Could you please reproduce the entries exactly, leaving out any pictures?
━━━ Data supplied
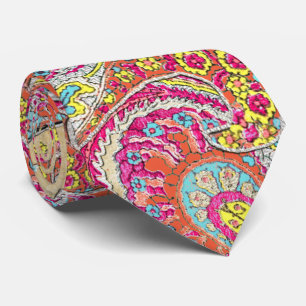 Gravata Pink Yellow Aqua Vintage Paisley Wedding Tie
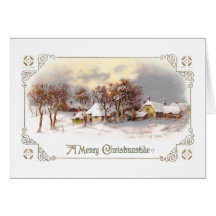 Vintage Country Christmas Greeting Card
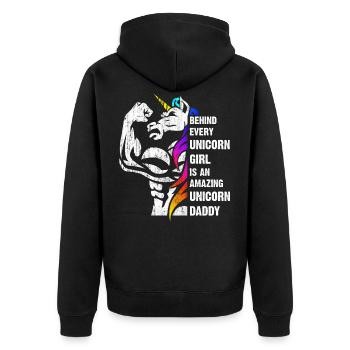 Unicorn Dad Dadacorn Dadicorn Daddycorn - Unisex Premium Organic Zip Hoodie - black - Back - Nico (187cm)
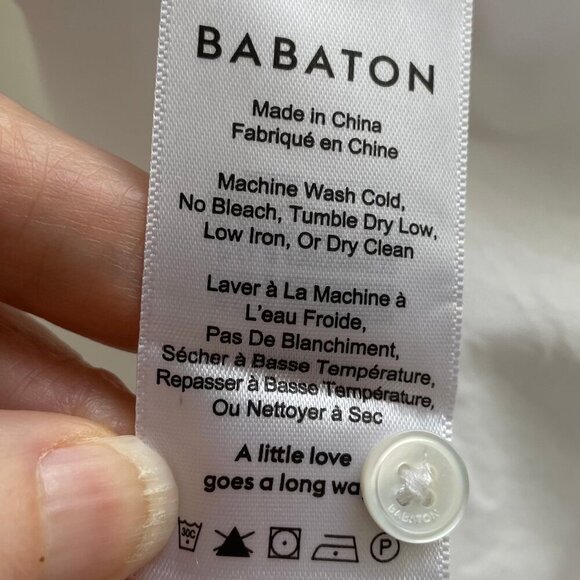 Aritzia Babaton Classic Relaxed Lg Sleeve 100% Cotton Shirt Dress White Sz S - Picture 10 of 12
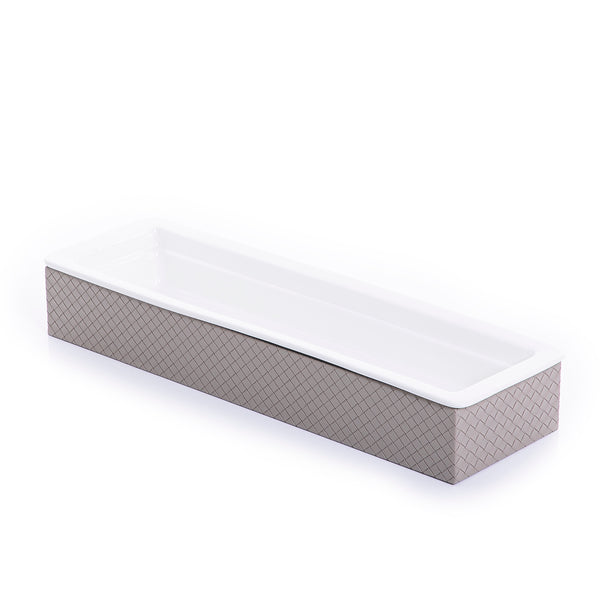 rectangular ceramic plate with gray leather base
━━━━━━
_Task result_.
 Gravata Pink Yellow Aqua Vintage Paisley Wedding Tie
 Vintage Country Christmas Greeting Card
 Unicorn Dad Dadacorn Dadicorn Daddycorn - Unisex Premium Organic Zip Hoodie - black - Back - Nico (187cm)
 Aritzia Babaton Classic Relaxed Lg Sleeve 100% Cotton Shirt Dress White Sz S - Picture 10 of 12
 rectangular ceramic plate with gray leather base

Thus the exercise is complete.